La somme que vous avez l’intention de recommandé ou bien d’emprunter correspond aux taux auxquels vous pourrez envisager. Le taux va réaliser le coût final de votre demande de prêt selon le montant que vous êtes prêt à verser à la banque pour la validation de votre demande.
Il existe 2 différents types de taux auquel vous allez être confrontés :

• Les taux moyens, dès que vous faites une demande de prêt.

• Et ceux qui vous appartiennent, pour la négociation d’un prêt à votre avantage.

Pour la durée 

• Vous devez préciser la date du délai que vous ne voulez pas dépasser. 

• Opter pour une durée plus longue qui peut, vous donnez une chance d’être acceptés.

• Au cas où vous votre dossier n’est pas retenu, accepté le sans équivoque.

Pour l’assurance 

Au cas où vous seriez confronté à des problèmes de santé ou bien si vous êtes des personnes retraitées, être couvert par une assurance doit être incluse dans n’importe quelle activité à laquelle vous voulez entreprendre. Le coût de l’assurance emprunteur doit être pris en considération.

Il faut bien mentionner le coût que vous pouvez entreprendre et préciser si vous consentez à des offres qui ne sont pas assurés.

Comment renoncer au bénéfice de la clause de financement 

Au cas où vous ne voudriez pas disposer d’un crédit immobilier pour votre achat, la loi, vous oblige à le mentionner, par une lettre manuscrite conforme à l’article L313-42 du code de consommation dans la promesse de vente. Ce fait sera également précisé dans l’acte de vente. 

Tout cela dans le but de prouver que l’acquéreur se trouve être en pleine conscience quant à la renonciation de la protection que constitue une clause suspensive de validation de crédit.

L’acquéreur doit être très vigilant 

• Il faut néanmoins faire attention lors de la recherche, un dispositif de suspension ne pourrait être établi qu’au cas où la non-acceptation du crédit serait le produit d’un mauvais état d’esprit. 

• Mais encore, il faut également respecter les délais accordés et être à la hauteur sur les critères d’exigence des banques.

• Il faut aussi fournir toutes les pièces justificatives réclamées.

Pour une demande de prêt refusé 

En cas de refus, vous devez réclamer une attestation de non-validation et l’envoyer le plus tôt possible à votre vendeur. Tous les éléments en rapport avec la demande notamment, le montant, le taux doivent être à tout prix mentionné.
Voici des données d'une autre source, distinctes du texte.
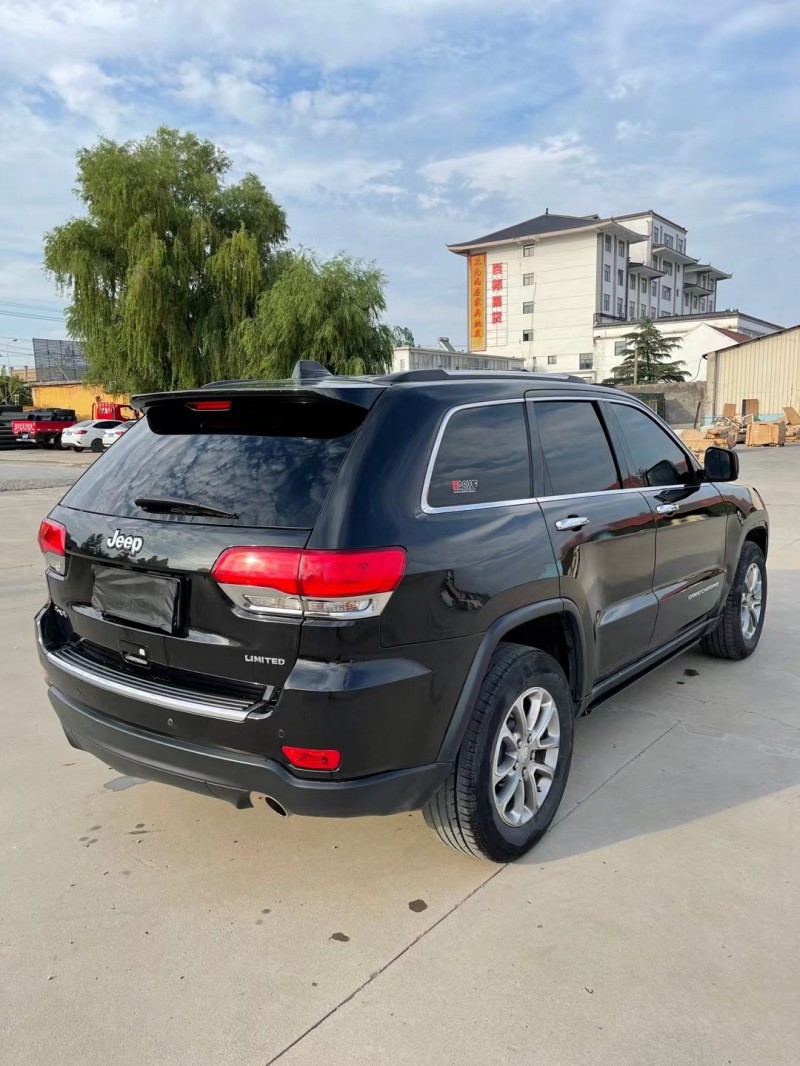 徐州17年Jeep大切諾基5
En cas de refus de complaisance 

Cette situation est rarissime. Toutefois, si cela arrive, la banque en assure la responsabilité. 

Dans d’autres situations, la condition peut être réputée réalisée tandis que l’acheteur n’a pas bénéficié du prêt. Il faut être très vigilant.

Dans certains cas également, pour contester le refus, il incombe au vendeur de justifier le fait que le refus du prêt est dû au seul fait de l’acheteur. Pourtant, il n’existe aucun élément qui permet de qualifier le refus de complaisance, le vendeur doit recourir à la justice pour réclamer ses droits, sinon, il sera donc obligé de rembourser un dépôt de garantie à l’acquéreur.

Une condition d’ordre public

La clause de suspension de validation d’un prêt est imposée à tout. C’est une étape que tout vendeur doit traverser pour aboutir à une validation du contrat. C’est une forme de protection vis à vis de l’acquéreur également, même si le dispositif n’est pas mentionné dans la promesse de vente.

Une clause permet de se rétracter pour l’achat d’un bien immobilier au cas où vous changeriez d’avis. Les conditions de compromis doivent néanmoins être mentionnées dans l’avant contrat. Elle est ainsi obligatoire une fois qu’un acheteur fait une demande de prêt pour acquérir un bien immobilier. Cela permet aussi de se retirer dans l’acquisition du bien si vous ne trouvez pas un moyen de bénéficier d’un crédit dans le temps imparti, sans pour autant devoir dédommager le vendeur.